ACTIVITY
Where a line of the data below has the string "Blue", copy that line.

════

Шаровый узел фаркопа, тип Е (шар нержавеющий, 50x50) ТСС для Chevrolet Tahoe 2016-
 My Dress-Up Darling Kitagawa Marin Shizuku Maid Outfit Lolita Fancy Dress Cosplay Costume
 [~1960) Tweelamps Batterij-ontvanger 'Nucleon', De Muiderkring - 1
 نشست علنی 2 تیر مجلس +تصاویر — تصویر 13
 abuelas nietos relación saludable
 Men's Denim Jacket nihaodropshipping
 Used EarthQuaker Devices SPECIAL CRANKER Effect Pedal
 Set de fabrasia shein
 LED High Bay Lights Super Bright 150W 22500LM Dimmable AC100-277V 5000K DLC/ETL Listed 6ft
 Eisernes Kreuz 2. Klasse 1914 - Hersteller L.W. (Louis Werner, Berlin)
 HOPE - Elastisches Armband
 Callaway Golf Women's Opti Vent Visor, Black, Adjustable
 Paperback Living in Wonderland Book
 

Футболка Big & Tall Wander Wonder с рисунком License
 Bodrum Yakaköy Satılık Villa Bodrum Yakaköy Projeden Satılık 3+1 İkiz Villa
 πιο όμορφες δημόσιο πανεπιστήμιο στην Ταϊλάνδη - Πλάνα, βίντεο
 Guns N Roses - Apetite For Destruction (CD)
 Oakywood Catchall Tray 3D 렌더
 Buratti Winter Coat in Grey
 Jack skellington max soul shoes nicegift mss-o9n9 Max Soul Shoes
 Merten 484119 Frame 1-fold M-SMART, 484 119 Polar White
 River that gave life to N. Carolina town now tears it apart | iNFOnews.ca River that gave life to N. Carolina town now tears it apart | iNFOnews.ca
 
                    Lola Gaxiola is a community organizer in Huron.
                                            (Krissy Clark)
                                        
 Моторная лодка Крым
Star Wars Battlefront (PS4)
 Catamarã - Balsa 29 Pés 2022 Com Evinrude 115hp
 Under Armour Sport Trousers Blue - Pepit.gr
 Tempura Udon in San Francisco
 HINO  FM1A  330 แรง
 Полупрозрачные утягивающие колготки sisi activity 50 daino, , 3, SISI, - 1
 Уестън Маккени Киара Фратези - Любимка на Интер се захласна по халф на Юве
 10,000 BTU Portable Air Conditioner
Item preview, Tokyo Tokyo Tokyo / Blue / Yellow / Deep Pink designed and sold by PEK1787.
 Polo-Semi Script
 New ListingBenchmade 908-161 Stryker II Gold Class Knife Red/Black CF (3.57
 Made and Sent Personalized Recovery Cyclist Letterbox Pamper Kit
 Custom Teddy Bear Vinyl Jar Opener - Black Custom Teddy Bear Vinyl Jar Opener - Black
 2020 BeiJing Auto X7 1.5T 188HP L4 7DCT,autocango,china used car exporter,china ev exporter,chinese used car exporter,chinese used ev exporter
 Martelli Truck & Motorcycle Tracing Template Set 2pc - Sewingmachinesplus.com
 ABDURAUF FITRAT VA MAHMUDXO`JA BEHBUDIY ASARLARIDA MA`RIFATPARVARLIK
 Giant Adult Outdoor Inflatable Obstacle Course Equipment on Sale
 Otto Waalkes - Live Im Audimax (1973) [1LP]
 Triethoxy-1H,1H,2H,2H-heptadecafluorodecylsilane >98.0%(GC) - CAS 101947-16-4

════

TASK ANSWER
 Under Armour Sport Trousers Blue - Pepit.gr
Item preview, Tokyo Tokyo Tokyo / Blue / Yellow / Deep Pink designed and sold by PEK1787.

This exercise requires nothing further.